Un’infanzia difficilissima quella di sua madre.
"È nata a Milano nel 1937 ma a 4 anni muore sua madre e suo padre diventa un povero vedovo oberato da quattro figlie. Lei, la più piccola, viene spedita in collegio in un convento a Modena poi sull’Appennino, in uno stabile diviso con occupanti tedeschi. La guerra civile coinvolge la famiglia: sua zia Bianca, accusata di collaborare coi nazisti, viene gettata nella fossa ancora viva mentre le gettano la terra addosso. Alla fine della guerra torna in una Milano dove mancano luce e cibo, crescendo in una famiglia disfunzionale".
Perché?
"Mio nonno era severo, austero, anaffettivo. La sorella maggiore scappa, mentre l’altra sorella soffre di depressione e si suicida. Mia madre soffre di problemi di salute che nessuno le diagnostica. Gli insegnanti dicono che è "svogliata" e suo padre si convince che deve abbandonare la scuola e custodire lui e la casa. Lei si ribella: si rifugia nei libri e da privatista ottiene il diploma magistrale per insegnare". “La mattina, quando mi preparavo per andare a scuola, mi bastava chiudermi la porta di casa alle spalle per dimenticare tutta quella realtà fatta di ricordi dolorosi e non, e di quell’uomo solitario che mi guardava uscire con una espressione di stupore e di incredulità. Fendevo l’aria, camminando con passo svelto, determinata a buttarmi in quella nuova realtà ad ogni costo“ si legge nel suo diario. "Il lavoro a scuola è il primo passo verso la rinascita, che passa attraverso la morte del padre e il legame con la sorella Anna. Arrivano le prime socializzazioni e la conoscenza di mio padre. A scuola introduce il metodo Montessori con il bambino al centro e la conquista dell’autonomia. Un metodo che replica in famiglia".

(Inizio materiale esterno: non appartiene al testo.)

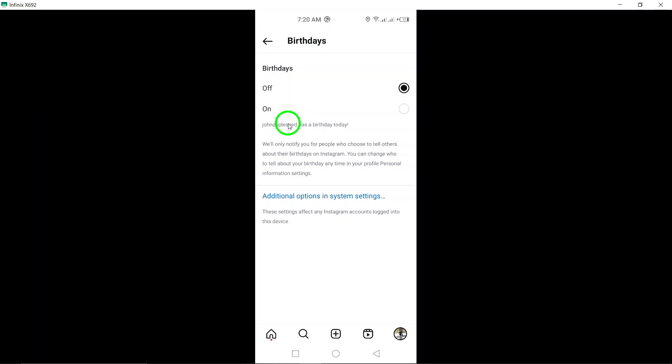And there you have it. You've successfully disabled birthdays notifications on Instagram. Remember, you can always come back to these settings to turn the notifications back on if you change your mind.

Che madre è Albertina Castellazzi?
"Mi ha cresciuto in un clima sereno. Mi ha permesso di sperimentare, senza ansie. In quinta elementare mi mandò in Germania per studiare tedesco. Presi l’aereo da sola, con grande scandalo delle altre famiglie. Il suo insegnamento più prezioso: la libertà di una donna passa dalla sua indipendenza".
E suo padre Sergio?
"Era il più rigido, ma anche lui ne aveva passate tante. Un ebreo fuggito dalla Romania per le persecuzioni, aveva perso tutto. Nelle memorie che terminano con la mia nascita la sua vicenda è solo accennata e forse, come ha detto Guido Barbieri, meriterebbe che qualcuno la raccontasse in un altro libro".